In an older study, Blockley (1978) posits that the full set of borrowings are generally scattered, brief, and often have no contextual correlation with their source passages. Such an analysis is conducted by close, lexical analysis of a highly specific set of pairings and is ultimately constrained by a narrow scope.

More recently, Kelly (2008 and 2009) has interrupted this debate by challenging the concept of Ammianus’s central reliance on Tacitus. While Tacitus may be Ammianus’s predecessor in terms of strict narrative chronology (the two end and start with the reign of Nerva, respectively), the Res Gestae ultimately lacks a single, standard literary model owing to any prior author. Additionally, Kelly’s study notes the methodological issues involved with previous discussion of Ammianus’s allusions. Scholars are often hyper-focused on the lexical qualities of a possible phraseological pairing and lack awareness for an allusion’s deployment multiple times within the Res Gestae. Likewise, many academics are overly concerned with observing Ammianan allusions in themselves without concern for broader narrative significance.

This paper will reassess Ammianus’s relationship with Tacitus by offering a more systematic study of Tacitean allusion from a collective and thematic perspective. It will demonstrate that both Blockley and Kelly’s viewpoints are simultaneously correct: that Ammianus is capable of highly intricate, thematically appropriate allusions, yet also inserts brief, and contextually dissimilar ones as well. In addition to several, shorter parallels, this examination will include a close reading of the double allusion of Tac. Ann. 1.65, a restless night prior to a battle between Germanicus and Arminius, with Amm. 18.2.10, the emperor Julian’s own expedition across the Rhine, and Amm. 22.15.22-23 a seemingly unrelated digressionary description concerning the habits of the hippopotamus.

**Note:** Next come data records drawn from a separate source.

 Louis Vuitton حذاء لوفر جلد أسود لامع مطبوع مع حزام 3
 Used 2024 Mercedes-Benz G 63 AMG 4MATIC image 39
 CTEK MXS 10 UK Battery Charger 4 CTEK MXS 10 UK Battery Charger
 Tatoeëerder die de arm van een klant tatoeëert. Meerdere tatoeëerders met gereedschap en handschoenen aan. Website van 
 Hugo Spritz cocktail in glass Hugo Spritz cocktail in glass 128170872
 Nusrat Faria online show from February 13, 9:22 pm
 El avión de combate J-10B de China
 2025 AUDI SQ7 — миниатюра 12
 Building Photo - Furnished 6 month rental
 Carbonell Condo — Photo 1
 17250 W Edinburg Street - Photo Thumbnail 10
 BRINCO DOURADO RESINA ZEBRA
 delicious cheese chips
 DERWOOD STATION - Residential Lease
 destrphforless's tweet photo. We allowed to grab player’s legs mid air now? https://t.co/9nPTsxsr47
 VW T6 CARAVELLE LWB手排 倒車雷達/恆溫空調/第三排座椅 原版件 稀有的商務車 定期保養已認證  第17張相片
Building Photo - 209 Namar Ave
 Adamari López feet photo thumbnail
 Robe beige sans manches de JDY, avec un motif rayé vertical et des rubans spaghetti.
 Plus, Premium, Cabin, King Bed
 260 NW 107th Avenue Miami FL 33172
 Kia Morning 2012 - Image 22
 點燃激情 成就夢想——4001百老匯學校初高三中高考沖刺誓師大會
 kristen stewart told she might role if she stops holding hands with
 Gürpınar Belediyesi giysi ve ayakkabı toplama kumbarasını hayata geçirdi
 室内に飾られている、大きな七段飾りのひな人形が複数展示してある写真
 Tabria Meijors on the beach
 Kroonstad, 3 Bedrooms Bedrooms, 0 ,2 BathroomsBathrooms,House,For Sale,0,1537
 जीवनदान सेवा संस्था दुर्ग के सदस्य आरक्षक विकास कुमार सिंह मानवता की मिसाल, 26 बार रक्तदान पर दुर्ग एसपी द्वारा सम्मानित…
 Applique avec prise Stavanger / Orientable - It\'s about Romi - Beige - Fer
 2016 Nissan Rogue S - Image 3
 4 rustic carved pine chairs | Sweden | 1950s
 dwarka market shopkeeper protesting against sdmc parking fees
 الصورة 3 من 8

In doing so, I revisit Blockley’s seemingly obsolete argument in order to better frame it within Kelly’s own restructuring of Ammianan intertextuality. These modern authors, who focus primarily on Ammianus, will also be synthesized with the methodological classifications made by Kaufmann (2016) regarding the varying levels of contextual relevance in allusions of Late Latin poetry. I subsequently aim to challenge the dependence on literary purpose to qualify an allusion’s classification as such in the Res Gestae. Considering such topics, this paper will provide an important reconsideration of the current debate concerning Ammianus and his intertextual practice to better illuminate how such parallels can be better identified and justified. Such an examination can hopefully clarify the value of purpose in an allusion and provide a useful later comparandum to earlier Latin prose authors through Ammianan intertextuality.